Thursday, September 1, 2016

Serving Allah Through Good Parenting

بسم الله الرحمن الرحيم
In the Name of Allah, Most Merciful, Most Compassionate

Assalaamu alaykum

If we bring up just one generation correctly,
If we give today’s children what they need,
Even to a small extent,
They will pass it on to the next generation.

And the next generations
Will no longer be declining,
But ascending.

Otherwise,
The next generation
Will sink into despair and drugs.
What a pity for our children

[Excerpts from "Children of Tomorrow” Authors – A.Ulianov, I.Vinokur, M.Laitman]
How do we, as Muslim parents, fight against all that bombards, distracts, and deceives us as the central focus of our family?
وَمَا خَلَقْتُ ٱلْجِنَّ وَٱلْإِنسَ إِلَّا لِيَعْبُدُونِ ﴿٥٦

And I did not create the jinn and mankind except to worship Me. (56)
[Qur'an, Adh-Dhariyyat 51:56]

First, we need to ask ourselves, “Who or what am I serving?”

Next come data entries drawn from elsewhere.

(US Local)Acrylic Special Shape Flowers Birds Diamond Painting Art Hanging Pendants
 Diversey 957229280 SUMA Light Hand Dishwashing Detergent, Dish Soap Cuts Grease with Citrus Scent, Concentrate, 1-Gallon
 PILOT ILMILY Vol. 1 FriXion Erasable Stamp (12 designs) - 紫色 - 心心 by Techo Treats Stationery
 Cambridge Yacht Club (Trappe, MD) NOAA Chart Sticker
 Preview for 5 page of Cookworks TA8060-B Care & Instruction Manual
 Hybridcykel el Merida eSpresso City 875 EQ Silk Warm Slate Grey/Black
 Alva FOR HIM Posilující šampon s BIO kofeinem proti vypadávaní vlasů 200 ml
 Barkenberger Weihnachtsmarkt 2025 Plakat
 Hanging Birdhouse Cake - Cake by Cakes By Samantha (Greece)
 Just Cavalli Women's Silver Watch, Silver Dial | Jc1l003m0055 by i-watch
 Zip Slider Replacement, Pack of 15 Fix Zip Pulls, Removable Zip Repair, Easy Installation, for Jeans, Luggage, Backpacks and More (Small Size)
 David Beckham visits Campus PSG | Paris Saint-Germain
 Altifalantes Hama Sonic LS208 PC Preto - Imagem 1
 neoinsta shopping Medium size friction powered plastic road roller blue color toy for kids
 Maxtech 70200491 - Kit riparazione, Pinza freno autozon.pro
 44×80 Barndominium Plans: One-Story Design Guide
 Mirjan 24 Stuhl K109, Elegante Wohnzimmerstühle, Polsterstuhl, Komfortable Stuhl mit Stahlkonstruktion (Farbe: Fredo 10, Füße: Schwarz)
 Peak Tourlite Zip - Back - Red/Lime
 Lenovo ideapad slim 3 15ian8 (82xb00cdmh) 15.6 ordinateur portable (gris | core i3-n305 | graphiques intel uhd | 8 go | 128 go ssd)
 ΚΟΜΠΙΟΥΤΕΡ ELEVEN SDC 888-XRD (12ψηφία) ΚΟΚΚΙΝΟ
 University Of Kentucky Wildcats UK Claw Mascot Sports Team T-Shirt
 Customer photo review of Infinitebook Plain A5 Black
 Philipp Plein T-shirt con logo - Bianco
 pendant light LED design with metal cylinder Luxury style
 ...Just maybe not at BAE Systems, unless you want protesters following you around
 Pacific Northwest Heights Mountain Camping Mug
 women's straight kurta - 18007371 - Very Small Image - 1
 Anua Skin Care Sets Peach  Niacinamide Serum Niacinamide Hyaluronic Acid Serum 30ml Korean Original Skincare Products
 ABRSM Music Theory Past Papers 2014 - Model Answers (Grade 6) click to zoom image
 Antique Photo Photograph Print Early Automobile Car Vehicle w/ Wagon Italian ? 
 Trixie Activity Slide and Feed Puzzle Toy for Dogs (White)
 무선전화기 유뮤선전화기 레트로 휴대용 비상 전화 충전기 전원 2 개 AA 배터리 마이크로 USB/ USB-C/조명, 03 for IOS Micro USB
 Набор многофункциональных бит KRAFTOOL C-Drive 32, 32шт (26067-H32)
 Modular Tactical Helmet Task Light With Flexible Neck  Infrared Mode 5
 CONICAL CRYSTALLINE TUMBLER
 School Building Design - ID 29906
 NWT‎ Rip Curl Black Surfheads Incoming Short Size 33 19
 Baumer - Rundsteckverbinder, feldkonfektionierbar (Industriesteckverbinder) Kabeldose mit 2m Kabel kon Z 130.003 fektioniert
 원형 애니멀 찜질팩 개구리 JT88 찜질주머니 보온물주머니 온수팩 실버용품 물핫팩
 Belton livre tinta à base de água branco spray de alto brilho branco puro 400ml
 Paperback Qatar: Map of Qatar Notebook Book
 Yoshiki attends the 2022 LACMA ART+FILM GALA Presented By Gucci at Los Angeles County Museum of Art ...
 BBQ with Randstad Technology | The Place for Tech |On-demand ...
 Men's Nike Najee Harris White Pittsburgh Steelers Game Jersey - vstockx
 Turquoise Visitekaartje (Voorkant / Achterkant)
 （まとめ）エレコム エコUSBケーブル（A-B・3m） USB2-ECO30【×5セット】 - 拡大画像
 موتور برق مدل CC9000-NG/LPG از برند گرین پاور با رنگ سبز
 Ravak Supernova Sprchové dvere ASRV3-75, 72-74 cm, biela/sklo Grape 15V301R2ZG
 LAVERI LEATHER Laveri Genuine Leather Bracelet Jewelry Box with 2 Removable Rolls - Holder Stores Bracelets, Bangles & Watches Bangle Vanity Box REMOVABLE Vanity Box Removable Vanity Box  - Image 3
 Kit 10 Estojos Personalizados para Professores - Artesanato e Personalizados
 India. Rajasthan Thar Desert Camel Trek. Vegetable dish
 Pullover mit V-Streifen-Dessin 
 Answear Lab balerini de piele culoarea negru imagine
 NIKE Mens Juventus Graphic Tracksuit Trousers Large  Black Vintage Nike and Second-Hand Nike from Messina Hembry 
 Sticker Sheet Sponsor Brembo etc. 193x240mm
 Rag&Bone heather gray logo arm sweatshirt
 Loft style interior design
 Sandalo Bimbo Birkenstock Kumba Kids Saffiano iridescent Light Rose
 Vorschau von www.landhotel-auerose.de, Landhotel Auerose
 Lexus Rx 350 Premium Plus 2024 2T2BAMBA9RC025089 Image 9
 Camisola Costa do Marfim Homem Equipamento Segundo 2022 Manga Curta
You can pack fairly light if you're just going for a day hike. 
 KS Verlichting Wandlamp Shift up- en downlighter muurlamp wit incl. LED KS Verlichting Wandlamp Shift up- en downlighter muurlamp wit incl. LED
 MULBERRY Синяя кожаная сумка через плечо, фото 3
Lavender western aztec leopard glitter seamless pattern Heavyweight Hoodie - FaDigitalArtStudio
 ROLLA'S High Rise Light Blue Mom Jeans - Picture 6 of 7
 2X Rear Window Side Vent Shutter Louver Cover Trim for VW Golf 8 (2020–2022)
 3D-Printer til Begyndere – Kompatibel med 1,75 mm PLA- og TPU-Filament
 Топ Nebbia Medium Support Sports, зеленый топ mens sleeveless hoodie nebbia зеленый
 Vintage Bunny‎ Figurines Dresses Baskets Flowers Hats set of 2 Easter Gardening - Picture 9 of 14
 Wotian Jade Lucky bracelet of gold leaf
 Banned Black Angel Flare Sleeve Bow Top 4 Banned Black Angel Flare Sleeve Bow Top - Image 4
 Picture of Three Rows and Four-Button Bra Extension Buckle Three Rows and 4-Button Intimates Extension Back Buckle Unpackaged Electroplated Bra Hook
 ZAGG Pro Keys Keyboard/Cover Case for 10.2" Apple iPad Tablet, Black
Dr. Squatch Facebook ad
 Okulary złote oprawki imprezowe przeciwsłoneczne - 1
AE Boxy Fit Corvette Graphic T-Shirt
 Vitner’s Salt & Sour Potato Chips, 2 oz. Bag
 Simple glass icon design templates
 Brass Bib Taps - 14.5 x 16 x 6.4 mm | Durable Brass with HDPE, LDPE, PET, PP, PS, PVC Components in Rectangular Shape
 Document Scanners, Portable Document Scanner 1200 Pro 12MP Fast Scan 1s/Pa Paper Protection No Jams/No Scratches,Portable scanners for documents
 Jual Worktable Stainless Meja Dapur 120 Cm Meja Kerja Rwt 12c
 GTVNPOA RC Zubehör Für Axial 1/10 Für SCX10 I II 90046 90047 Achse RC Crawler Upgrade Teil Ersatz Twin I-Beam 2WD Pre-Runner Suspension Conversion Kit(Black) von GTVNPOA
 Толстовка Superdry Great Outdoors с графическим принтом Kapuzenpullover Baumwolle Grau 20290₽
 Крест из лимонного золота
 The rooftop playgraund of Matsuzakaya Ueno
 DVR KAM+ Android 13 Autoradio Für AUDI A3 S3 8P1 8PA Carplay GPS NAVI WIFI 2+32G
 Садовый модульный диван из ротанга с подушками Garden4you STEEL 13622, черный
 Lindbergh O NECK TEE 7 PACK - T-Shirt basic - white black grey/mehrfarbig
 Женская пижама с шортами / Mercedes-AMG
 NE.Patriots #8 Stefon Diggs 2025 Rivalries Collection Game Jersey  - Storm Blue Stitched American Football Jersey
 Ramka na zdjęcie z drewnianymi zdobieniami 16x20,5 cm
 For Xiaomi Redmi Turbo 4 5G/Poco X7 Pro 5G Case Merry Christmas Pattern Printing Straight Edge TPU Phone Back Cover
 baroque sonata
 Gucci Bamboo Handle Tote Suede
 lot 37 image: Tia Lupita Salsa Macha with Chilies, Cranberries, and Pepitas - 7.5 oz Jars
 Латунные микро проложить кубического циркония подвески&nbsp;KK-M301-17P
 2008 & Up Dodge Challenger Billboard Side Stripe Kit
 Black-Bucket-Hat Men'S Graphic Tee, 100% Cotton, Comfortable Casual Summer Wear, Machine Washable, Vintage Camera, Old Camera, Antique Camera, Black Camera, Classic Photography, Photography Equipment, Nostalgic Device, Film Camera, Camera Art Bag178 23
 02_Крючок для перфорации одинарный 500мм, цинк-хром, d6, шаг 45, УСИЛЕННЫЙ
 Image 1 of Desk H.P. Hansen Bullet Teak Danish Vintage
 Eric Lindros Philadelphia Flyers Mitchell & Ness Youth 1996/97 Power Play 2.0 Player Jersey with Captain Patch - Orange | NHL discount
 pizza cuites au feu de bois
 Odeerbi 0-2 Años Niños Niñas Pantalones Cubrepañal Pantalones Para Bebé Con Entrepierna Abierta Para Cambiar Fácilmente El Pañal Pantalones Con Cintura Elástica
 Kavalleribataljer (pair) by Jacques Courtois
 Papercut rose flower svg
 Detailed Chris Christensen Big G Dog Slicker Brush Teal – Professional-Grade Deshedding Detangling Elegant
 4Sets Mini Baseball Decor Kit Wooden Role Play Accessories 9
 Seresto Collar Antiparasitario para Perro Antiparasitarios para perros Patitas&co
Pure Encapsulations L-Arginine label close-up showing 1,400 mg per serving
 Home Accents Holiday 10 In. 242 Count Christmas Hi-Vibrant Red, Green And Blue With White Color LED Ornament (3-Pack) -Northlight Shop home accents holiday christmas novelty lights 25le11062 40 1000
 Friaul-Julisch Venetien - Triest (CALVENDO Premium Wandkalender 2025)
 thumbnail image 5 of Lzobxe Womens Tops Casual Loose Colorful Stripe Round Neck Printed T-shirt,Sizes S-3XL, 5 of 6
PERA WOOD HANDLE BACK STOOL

Am I serving Allah by the way I spend my time, money, and abilities, or am I striving to please and live up to what is acceptable and seemingly necessary in the eyes of the world? If Allah is the central focus of our home, it will help us evaluate and bring clarity to the pressures we face with truth, rather than the cultural or worldly standard.

Second, we need to ask Allah to help us recognize pressures we are putting on ourselves out of pride.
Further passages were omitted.